Supplied data:
━━━━━━━━━━━━━━━━

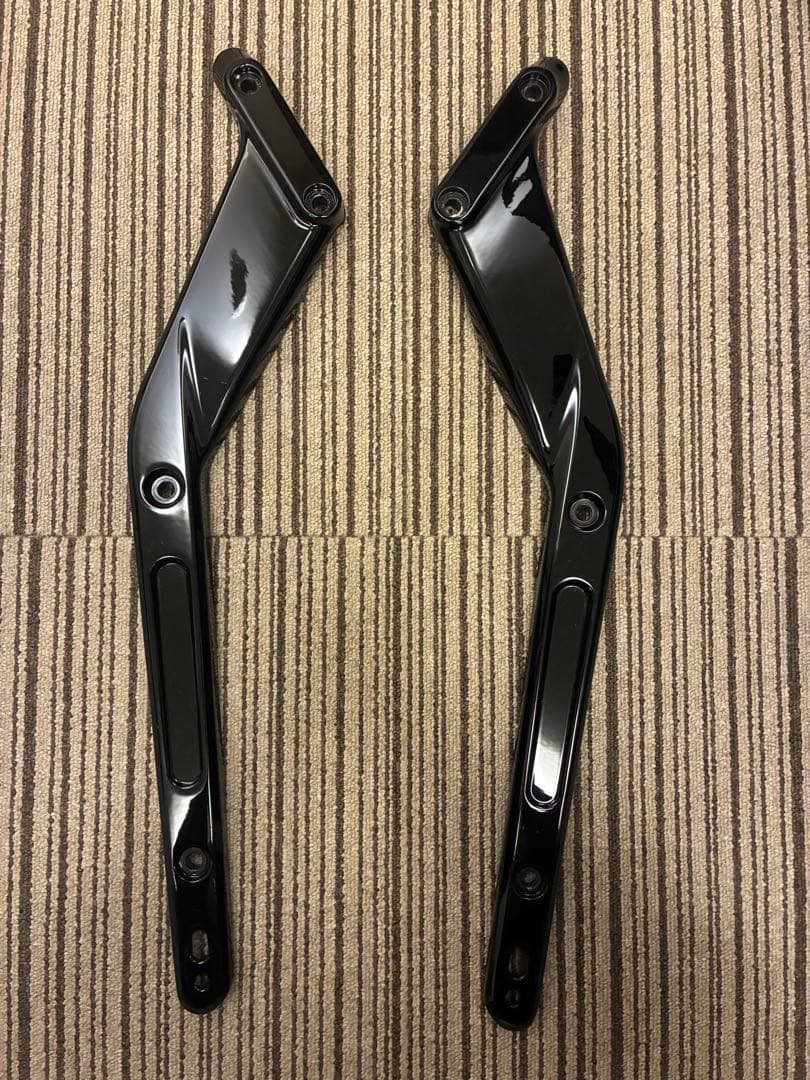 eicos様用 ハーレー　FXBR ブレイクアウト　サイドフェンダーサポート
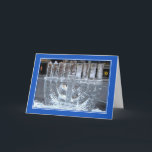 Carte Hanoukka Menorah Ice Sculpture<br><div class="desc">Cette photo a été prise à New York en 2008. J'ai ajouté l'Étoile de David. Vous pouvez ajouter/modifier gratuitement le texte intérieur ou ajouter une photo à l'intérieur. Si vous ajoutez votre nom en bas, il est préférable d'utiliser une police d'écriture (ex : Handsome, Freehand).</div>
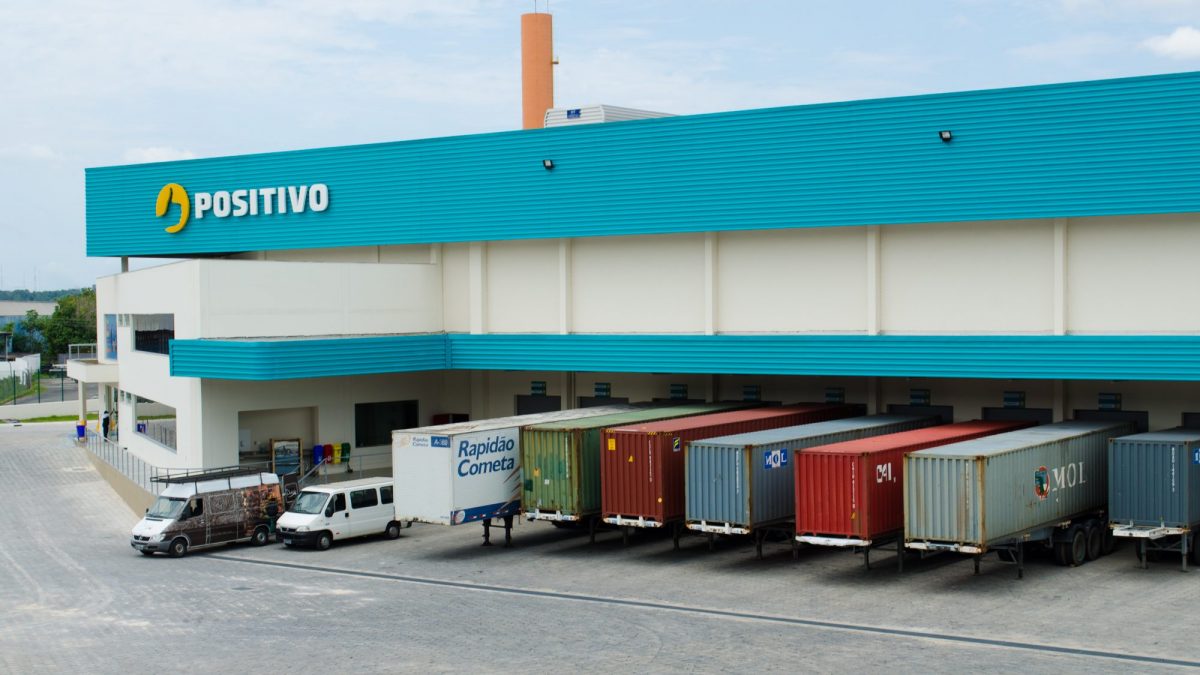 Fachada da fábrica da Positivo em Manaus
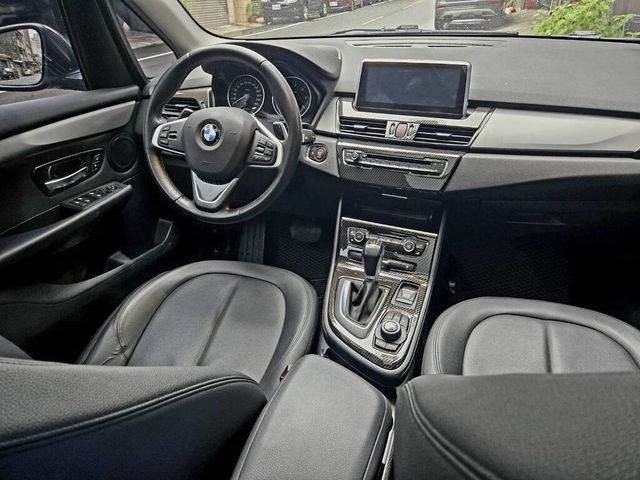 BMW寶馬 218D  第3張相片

━━━━━━━━━━━━━━━━

Print the listing verbatim; no pictures.

Exercise response:
 eicos様用 ハーレー　FXBR ブレイクアウト　サイドフェンダーサポート
 Carte Hanoukka Menorah Ice Sculpture<br><div class="desc">Cette photo a été prise à New York en 2008. J'ai ajouté l'Étoile de David. Vous pouvez ajouter/modifier gratuitement le texte intérieur ou ajouter une photo à l'intérieur. Si vous ajoutez votre nom en bas, il est préférable d'utiliser une police d'écriture (ex : Handsome, Freehand).</div>
 Fachada da fábrica da Positivo em Manaus
 BMW寶馬 218D  第3張相片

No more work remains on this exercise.